(WHAT IS EXPECTED)
Every line below from the one containing "Donut med gr�n glasur og jordb�r - Stor" through the one containing "Used 2001 Ford Escape XLT image 34" must be transcribed exactly. Omit all lines outside that stretch.

(EXERCISE INPUTS)
= Beginning of Section =

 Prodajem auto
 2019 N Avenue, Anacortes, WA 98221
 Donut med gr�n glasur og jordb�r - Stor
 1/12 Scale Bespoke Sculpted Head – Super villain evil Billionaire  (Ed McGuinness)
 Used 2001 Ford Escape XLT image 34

= End of Section =
= Beginning of Section =

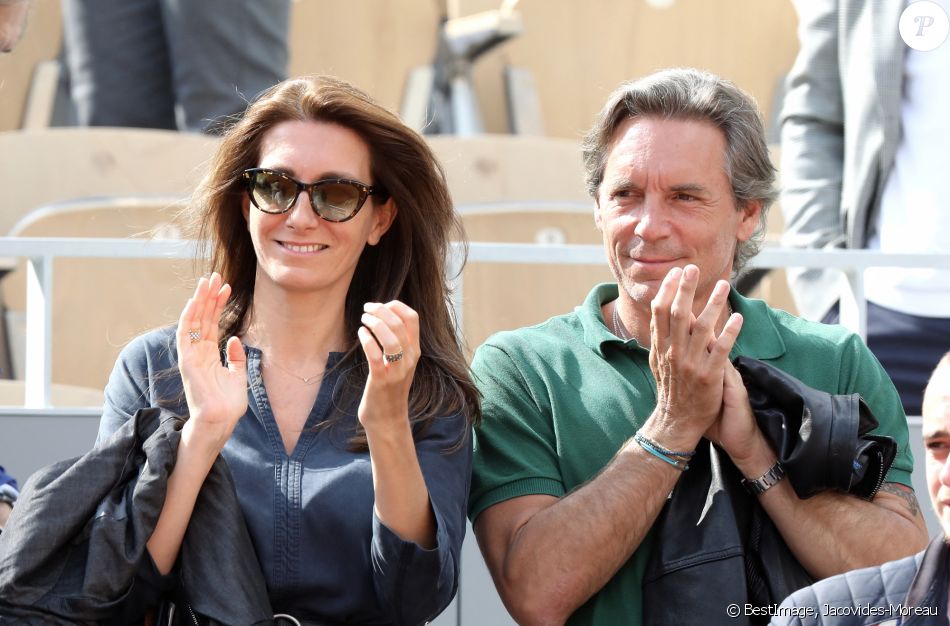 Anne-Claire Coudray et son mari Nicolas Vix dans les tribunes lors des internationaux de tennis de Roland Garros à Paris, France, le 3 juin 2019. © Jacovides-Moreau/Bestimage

= End of Section =

(REPLY)
 Donut med gr�n glasur og jordb�r - Stor
 1/12 Scale Bespoke Sculpted Head – Super villain evil Billionaire  (Ed McGuinness)
 Used 2001 Ford Escape XLT image 34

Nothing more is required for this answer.